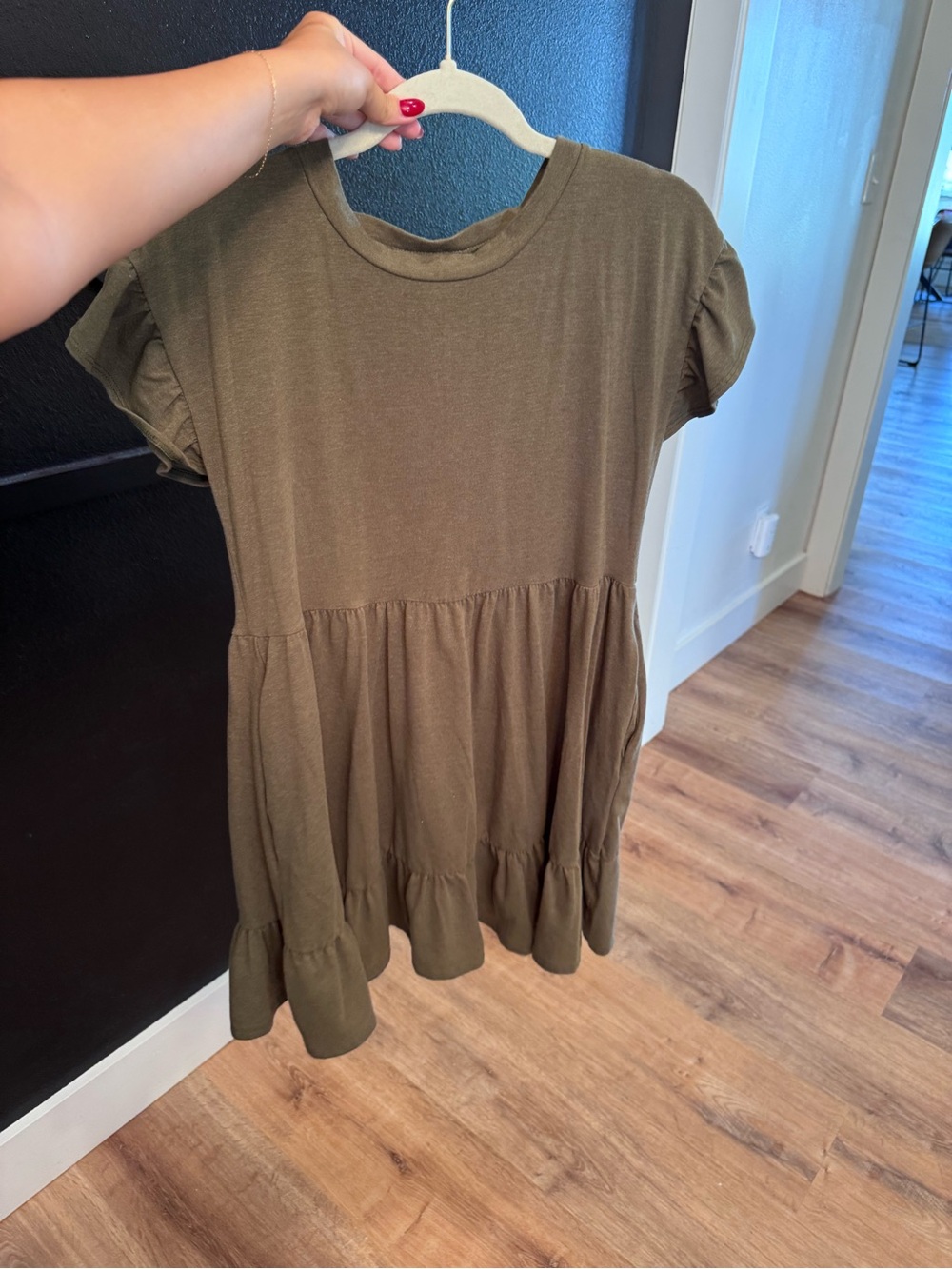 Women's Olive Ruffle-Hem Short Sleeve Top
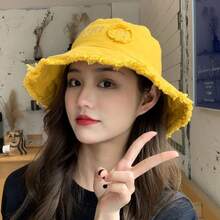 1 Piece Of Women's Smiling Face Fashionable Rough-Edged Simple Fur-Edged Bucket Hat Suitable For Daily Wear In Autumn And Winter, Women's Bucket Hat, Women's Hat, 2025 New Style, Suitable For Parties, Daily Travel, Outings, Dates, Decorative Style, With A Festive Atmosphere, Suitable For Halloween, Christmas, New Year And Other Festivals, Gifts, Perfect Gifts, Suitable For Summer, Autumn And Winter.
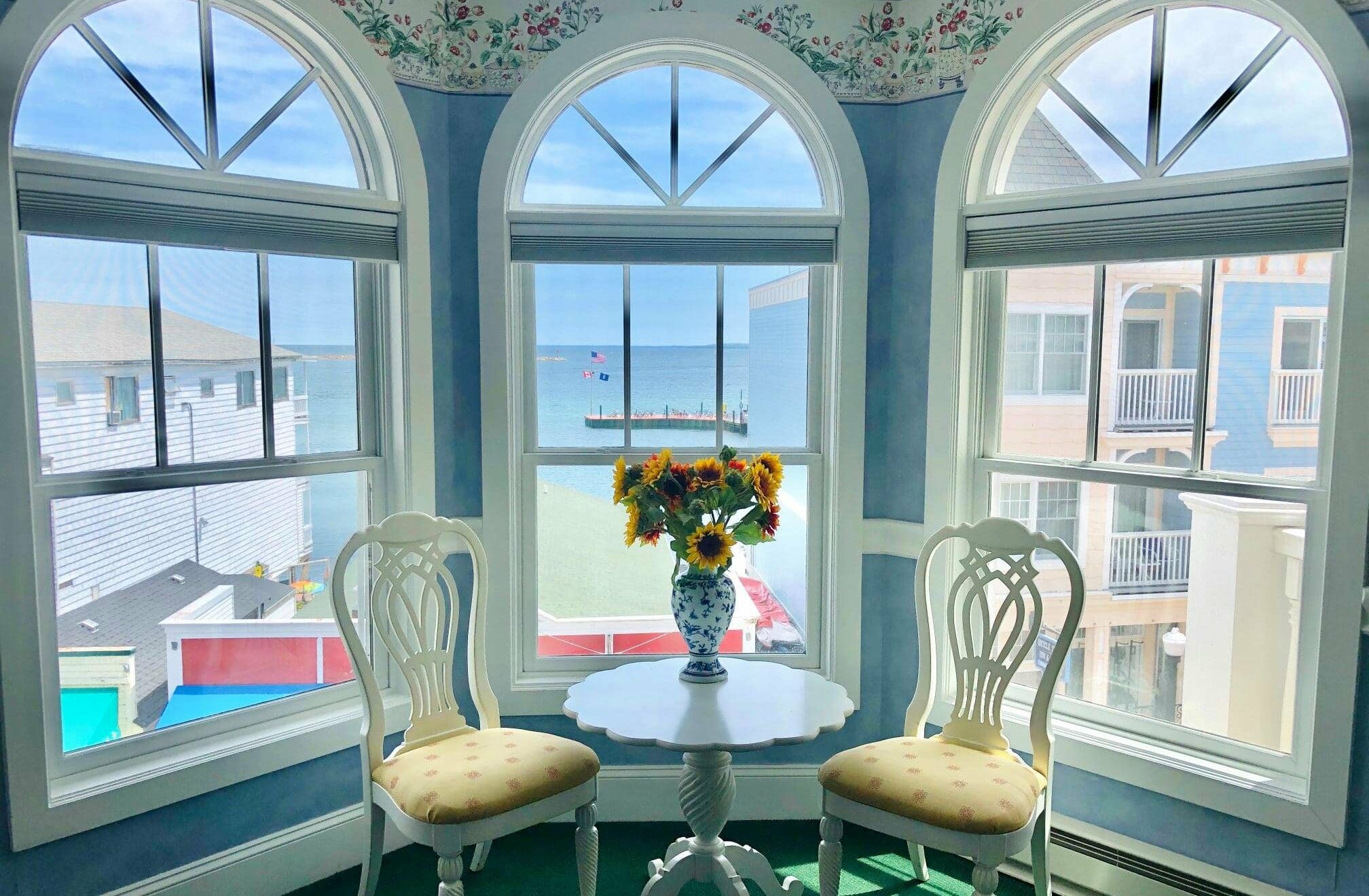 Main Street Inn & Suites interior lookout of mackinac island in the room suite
---
■ ABOUT THIS TASK ■
From the line containing "1 Piece Of Women's" down to the final line of the listing above, write out only those lines exactly as they are, minus the pictures.

■ FINISHED TASK ■
 1 Piece Of Women's Smiling Face Fashionable Rough-Edged Simple Fur-Edged Bucket Hat Suitable For Daily Wear In Autumn And Winter, Women's Bucket Hat, Women's Hat, 2025 New Style, Suitable For Parties, Daily Travel, Outings, Dates, Decorative Style, With A Festive Atmosphere, Suitable For Halloween, Christmas, New Year And Other Festivals, Gifts, Perfect Gifts, Suitable For Summer, Autumn And Winter.
 Main Street Inn & Suites interior lookout of mackinac island in the room suite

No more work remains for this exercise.